After using force, the department or agency that conducted the operation must provide the following preliminary information in writing to the NSS within 48 hours:  (i) a description of the operation; (ii) a summary of the basis for determining that the operation satisfied the applicable criteria contained in the approved operational plan; (iii) an assessment of whether the operation achieved its objective; (iv) an assessment of the number of combatants killed or wounded; (v) a description of any collateral damage that resulted from the operation; and (vi) a description of all munitions and assets used as part of the operation.

— The operational agency must also prepare and promptly provide notice “to the appropriate Members of the Congress” whenever:  (i) a new operational plan for taking direct action [redacted] is approved; (ii) authority is expanded under an operational plan for directing lethal force against lawfully targeted individuals and against lawful terrorist targets other than individuals; or (iii) an operation has been conducted pursuant to such approval(s).

Perhaps the most important questions that remain unanswered are those involving the Administration’s determination that the PPG rules shall not apply to Afghanistan, Iraq and Syria.  For example:

What is it about those three nations that distinguishes them from all other nations, and that justifies a categorical exclusion of the PPG’s elaborate array of procedures and requirements to the use of force there?

Indeed, what, if anything, do those three nations have in common with one another?  (At one point, many assumed that “areas of active hostilities” referred to nations in which U.S. ground forces are present in significant numbers.  But that does not describe, e.g., Syria.)
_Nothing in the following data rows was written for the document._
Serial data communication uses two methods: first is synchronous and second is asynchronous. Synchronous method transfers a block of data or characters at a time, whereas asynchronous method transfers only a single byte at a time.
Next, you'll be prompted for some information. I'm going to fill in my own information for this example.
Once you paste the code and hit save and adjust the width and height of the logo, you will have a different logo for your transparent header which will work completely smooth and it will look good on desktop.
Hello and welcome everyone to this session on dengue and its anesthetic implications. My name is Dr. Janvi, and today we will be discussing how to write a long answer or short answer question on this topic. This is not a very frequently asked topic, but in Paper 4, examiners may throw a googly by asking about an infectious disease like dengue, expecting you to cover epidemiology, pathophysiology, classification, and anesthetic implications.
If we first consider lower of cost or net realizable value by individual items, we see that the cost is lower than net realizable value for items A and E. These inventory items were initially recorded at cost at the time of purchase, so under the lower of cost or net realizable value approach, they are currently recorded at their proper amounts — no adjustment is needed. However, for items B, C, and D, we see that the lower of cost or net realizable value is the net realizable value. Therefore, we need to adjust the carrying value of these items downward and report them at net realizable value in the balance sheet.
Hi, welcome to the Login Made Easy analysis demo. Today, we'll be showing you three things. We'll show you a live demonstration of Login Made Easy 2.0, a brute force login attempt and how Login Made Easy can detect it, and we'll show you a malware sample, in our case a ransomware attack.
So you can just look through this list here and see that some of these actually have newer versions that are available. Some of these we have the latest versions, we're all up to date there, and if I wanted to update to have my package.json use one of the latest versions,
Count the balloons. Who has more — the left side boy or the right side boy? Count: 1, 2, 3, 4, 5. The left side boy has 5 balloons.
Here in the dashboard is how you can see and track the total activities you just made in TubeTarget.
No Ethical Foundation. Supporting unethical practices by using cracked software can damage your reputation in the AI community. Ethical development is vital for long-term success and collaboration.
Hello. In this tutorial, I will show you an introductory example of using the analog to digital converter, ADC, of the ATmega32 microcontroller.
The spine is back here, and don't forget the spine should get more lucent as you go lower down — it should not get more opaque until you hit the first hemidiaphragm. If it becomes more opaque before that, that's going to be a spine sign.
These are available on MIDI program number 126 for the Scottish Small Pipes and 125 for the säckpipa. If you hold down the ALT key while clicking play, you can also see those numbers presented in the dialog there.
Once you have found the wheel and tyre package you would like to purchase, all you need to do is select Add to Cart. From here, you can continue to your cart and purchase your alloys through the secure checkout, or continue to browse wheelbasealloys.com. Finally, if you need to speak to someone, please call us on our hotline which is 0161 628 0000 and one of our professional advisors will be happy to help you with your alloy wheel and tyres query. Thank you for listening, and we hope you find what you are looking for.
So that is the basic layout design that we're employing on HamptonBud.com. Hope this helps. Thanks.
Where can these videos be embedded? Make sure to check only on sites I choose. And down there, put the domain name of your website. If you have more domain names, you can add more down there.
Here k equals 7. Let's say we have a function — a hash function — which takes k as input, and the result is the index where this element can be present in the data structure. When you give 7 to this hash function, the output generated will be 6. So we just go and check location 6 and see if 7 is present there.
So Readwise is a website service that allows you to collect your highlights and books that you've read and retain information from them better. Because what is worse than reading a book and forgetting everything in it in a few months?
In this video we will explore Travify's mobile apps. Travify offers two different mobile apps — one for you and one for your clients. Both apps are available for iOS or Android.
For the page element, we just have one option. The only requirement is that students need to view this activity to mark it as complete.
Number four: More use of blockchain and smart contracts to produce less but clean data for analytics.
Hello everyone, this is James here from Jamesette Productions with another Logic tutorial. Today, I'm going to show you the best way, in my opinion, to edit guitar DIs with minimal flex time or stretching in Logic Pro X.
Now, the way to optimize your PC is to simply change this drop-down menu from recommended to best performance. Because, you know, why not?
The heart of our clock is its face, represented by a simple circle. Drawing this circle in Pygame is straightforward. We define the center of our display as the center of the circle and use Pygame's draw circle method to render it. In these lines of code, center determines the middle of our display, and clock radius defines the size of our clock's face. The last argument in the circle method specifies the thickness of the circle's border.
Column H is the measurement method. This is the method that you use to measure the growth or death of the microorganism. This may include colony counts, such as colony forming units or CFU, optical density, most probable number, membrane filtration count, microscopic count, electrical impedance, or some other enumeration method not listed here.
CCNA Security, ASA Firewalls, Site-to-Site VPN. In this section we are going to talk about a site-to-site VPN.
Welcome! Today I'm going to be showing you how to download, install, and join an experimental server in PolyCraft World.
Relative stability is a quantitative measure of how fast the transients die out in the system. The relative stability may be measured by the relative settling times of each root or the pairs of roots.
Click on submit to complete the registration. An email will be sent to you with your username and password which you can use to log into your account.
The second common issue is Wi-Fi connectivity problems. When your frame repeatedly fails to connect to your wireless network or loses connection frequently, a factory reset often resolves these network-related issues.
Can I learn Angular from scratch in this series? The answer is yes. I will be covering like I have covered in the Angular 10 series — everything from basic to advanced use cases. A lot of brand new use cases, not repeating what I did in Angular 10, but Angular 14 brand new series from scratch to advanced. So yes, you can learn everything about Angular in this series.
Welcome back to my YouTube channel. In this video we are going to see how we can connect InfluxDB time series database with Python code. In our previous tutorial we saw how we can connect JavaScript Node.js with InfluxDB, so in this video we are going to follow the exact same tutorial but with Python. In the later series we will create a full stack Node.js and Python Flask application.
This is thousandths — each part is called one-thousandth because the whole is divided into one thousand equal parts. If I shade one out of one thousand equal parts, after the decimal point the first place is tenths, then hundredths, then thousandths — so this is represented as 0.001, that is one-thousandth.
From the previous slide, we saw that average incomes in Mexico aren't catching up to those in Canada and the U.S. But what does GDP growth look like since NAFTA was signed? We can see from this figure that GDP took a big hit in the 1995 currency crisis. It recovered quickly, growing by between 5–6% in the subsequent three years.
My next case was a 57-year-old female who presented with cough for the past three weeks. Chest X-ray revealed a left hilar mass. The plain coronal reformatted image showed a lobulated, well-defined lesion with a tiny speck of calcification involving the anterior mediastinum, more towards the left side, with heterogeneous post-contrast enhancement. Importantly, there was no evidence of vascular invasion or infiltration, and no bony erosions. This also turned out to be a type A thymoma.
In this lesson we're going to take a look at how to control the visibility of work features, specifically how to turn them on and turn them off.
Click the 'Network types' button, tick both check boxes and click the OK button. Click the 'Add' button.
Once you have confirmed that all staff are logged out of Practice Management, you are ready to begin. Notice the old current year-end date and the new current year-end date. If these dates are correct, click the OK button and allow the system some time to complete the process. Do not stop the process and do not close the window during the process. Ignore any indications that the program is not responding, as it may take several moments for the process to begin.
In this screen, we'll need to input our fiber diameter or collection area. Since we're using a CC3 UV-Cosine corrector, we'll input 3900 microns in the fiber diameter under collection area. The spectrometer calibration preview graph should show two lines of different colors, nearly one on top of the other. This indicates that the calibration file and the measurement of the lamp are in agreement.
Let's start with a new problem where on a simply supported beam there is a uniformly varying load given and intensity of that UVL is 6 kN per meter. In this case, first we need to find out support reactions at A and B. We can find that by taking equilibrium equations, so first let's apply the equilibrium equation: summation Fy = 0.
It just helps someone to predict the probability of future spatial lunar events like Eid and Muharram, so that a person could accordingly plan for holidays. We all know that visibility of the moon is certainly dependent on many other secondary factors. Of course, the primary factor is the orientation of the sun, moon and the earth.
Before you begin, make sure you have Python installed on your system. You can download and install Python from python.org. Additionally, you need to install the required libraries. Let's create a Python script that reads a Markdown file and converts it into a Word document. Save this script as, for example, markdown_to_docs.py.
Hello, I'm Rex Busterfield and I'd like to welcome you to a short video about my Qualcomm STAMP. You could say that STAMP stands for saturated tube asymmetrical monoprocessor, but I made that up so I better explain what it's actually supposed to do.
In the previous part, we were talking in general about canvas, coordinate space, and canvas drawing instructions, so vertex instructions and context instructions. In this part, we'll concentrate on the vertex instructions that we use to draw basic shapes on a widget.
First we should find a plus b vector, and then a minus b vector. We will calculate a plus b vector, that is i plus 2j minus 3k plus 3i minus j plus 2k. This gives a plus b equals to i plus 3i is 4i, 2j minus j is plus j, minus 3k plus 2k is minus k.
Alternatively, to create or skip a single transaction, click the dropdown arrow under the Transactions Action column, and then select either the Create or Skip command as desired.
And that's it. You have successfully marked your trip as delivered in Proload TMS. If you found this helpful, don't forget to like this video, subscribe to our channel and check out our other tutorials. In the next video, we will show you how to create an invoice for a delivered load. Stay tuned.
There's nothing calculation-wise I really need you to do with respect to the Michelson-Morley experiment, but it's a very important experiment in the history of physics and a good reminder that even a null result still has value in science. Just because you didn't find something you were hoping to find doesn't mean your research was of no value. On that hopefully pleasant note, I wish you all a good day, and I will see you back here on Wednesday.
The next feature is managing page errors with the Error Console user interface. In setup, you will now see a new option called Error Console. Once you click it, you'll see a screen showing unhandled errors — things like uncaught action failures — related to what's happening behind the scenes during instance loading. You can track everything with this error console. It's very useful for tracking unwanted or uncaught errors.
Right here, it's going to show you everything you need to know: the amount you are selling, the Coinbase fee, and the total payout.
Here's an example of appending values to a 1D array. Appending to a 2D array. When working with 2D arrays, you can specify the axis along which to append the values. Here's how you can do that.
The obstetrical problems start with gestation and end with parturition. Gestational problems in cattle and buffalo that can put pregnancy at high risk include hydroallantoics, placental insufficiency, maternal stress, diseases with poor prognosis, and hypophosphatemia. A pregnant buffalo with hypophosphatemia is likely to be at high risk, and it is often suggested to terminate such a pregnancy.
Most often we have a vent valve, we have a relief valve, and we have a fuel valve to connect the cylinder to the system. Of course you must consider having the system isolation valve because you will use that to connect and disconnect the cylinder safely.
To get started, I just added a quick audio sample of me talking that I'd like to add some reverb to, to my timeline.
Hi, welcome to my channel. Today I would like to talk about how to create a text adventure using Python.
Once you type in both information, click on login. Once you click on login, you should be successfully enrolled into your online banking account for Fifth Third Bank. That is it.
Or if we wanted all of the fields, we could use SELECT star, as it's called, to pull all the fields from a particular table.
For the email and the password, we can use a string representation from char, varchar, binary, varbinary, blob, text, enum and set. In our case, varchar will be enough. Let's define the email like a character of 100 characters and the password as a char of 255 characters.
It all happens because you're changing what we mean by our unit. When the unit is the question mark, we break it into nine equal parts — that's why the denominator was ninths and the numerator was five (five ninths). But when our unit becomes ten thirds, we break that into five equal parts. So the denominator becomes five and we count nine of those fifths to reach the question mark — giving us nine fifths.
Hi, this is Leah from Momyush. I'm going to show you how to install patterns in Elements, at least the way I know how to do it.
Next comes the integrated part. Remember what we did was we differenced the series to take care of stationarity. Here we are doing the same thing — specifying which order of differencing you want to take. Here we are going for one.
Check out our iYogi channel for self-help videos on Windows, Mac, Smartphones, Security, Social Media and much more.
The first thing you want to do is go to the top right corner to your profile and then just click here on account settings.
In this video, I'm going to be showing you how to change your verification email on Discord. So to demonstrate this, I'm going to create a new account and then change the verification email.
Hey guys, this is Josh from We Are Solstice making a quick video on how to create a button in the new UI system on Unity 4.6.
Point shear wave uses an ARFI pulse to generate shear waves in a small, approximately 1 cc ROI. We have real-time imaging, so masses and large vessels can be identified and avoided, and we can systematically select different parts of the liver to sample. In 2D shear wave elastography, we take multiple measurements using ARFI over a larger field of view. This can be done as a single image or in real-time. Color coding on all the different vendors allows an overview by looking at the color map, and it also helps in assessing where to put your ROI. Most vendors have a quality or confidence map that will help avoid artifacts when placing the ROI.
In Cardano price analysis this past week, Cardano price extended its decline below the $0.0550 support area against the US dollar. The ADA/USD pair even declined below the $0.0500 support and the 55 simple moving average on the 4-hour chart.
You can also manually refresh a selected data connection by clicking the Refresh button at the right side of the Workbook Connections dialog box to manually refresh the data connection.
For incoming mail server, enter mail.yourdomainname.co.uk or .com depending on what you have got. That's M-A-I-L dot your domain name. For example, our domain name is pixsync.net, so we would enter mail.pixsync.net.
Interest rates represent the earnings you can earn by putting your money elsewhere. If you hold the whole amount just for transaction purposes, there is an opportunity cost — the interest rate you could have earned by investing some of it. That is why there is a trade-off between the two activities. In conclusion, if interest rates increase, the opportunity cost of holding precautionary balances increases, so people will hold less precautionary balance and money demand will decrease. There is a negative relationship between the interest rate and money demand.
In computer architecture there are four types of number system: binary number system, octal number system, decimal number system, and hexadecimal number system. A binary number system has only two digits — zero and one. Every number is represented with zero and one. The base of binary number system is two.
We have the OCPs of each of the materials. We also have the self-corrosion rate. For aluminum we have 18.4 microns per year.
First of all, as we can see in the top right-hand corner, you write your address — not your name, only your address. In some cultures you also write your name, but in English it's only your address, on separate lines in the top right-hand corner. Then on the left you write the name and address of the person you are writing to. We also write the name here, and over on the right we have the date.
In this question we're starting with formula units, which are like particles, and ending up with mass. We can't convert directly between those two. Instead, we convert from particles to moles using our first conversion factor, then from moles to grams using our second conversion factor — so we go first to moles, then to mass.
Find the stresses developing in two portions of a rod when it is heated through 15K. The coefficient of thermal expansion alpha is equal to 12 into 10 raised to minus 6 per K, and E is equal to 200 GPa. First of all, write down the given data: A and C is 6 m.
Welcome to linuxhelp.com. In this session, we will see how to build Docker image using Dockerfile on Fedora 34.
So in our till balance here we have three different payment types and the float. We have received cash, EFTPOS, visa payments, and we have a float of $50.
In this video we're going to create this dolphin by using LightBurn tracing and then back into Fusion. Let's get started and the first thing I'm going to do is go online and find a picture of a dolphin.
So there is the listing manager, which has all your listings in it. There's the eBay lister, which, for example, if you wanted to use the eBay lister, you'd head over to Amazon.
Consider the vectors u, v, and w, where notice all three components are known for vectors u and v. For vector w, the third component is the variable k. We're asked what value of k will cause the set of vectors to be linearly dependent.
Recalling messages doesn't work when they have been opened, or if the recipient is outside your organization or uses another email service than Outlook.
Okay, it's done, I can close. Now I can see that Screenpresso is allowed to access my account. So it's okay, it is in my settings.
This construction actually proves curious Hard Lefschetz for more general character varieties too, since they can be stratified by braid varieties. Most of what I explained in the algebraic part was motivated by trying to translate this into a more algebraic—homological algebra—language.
What are the internal rules (procedural and substantive) that apply to operations in those three nations, in lieu of the PPG?  Are the substantive rules similar to those in the PPG?  What about NSC oversight?  (It’s hard to imagine DOD has to go through the entire PPG interagency procedures with respect to, e.g., each one of its operations in Iraq.)

The Administration would do well, before the end of the President’s term, to provide more transparency and detail on these questions about operations within Afghanistan, Iraq and Syria, just as it has done with respect to operations elsewhere.